O liberalismo nunca deu certo na América Latina. Chile é exemplar. No Brasil, desde o experimento de que é preciso, ‘primeiro crescer para depois distribuir’, os liberais estão sempre sob suspeita. O grupo que, desde 2016, dá as cartas, não conseguiu mostrar sequer um êxito. Em que deu, por exemplo, a tal liberdade econômica? De reforma em reforma, o resultado foi perda de direitos, empregos, renda, aposentadoria e organização sindical. Agora querem ‘torrar’ mais uma possibilidade de futuro, tentando privatizar os serviços públicos brasileiros.

Desta vez, alguns economistas liberais estão declarando apoio à candidatura da Federação Brasil da Esperança, comandada por Lula e Alckmin. São bem-vindos. A missão coletiva é reconstruir o Brasil, cumprir a CF88, reinstalando o Estado Dirigente com o compromisso democrático de redução das desigualdades e de construção da nação brasileira, até agora inconclusa. Sem medo de ser feliz.”

Luiz Filgueiras (Universidade Federal da Bahia)

“Porque Bolsonaro, desde o início do seu governo, vem destruindo a democracia, a economia e o Estado de Direito por dentro, além de ameaçar executar um golpe de Estado clássico, tipo 1964, com a implantação de uma ditadura. E porque a frente ampla construída por Lula, para derrotar o fascismo e reconstruir a economia e o Estado brasileiros, contempla a possibilidade, em um eventual governo, de adoção de uma política econômica que incorpore, parcialmente, alguns pontos da visão ortodoxa.”

Esther Dweck (Universidade Federal do Rio de Janeiro)

“As manifestações de apoio à Lula, já no final do primeiro turno e de forma ainda mais forte no início do segundo turno, marcam uma linha importante que muitos economistas brasileiros escolheram de forma contundente não atravessar. A linha que separa os dois candidatos nesse segundo turno é a linha da democracia, do respeito ao próximo, da possibilidade de discordar com civilidade e de barrar um processo destruição institucional que marcou o primeiro mandato do atual presidente.

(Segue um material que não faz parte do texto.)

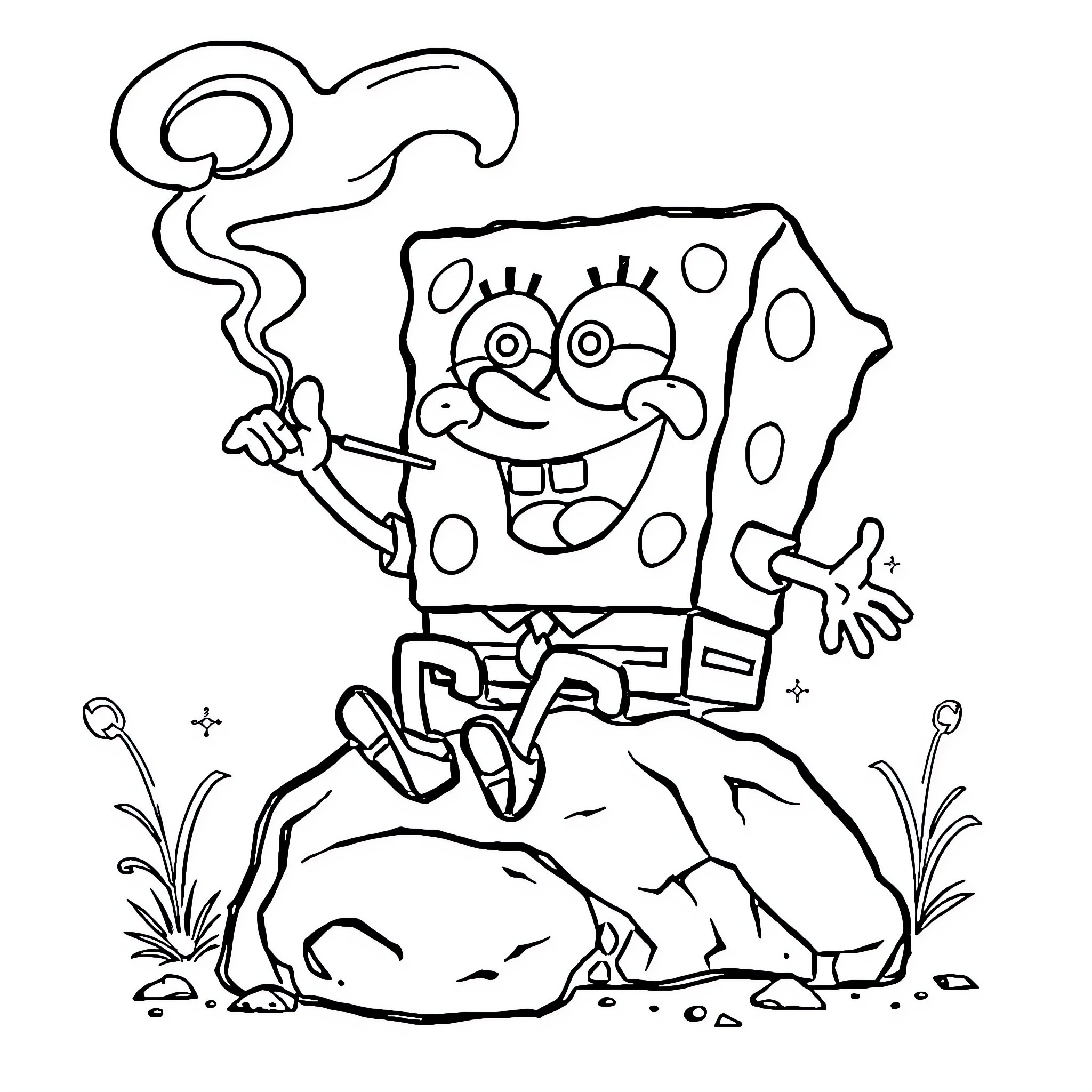 Spongebob enjoying nature and outdoor activities Coloring Page (free black-and-white line drawing printable PDF for all, from beginners to advanced learners, including children, teens, adults, and seniors)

Como é comum entre economistas, continuaremos a discordar teoricamente e nas escolhas de política econômica, mas estaremos nesse segundo turno lado a lado contra o obscurantismo e a barbárie. Todo apoio daqueles que defendem a nossa frágil democracia é bem vindo. Precisamos unir esforços contra um adversário que não tem qualquer escrúpulo, para podermos voltar a discordar em um ambiente mais construtivo e pacífico.”

João Machado (PUC-SP)

“Na minha opinião, a principal razão para vários dos economistas conservadores de maior peso intelectual, e mais respeitados por seus pares, apoiarem Lula é que defendem um regime constitucional e democrático. Sabem que a reeleição de Bolsonaro representaria uma grave ameaça até para o grau limitado de democracia existente no Brasil. Economistas conservadores são liberais na economia, e uma parte deles é também liberal na política e defende a democracia liberal – são muito diferentes de um economista conservador como Paulo Guedes, até hoje admirador da ditadura de Pinochet.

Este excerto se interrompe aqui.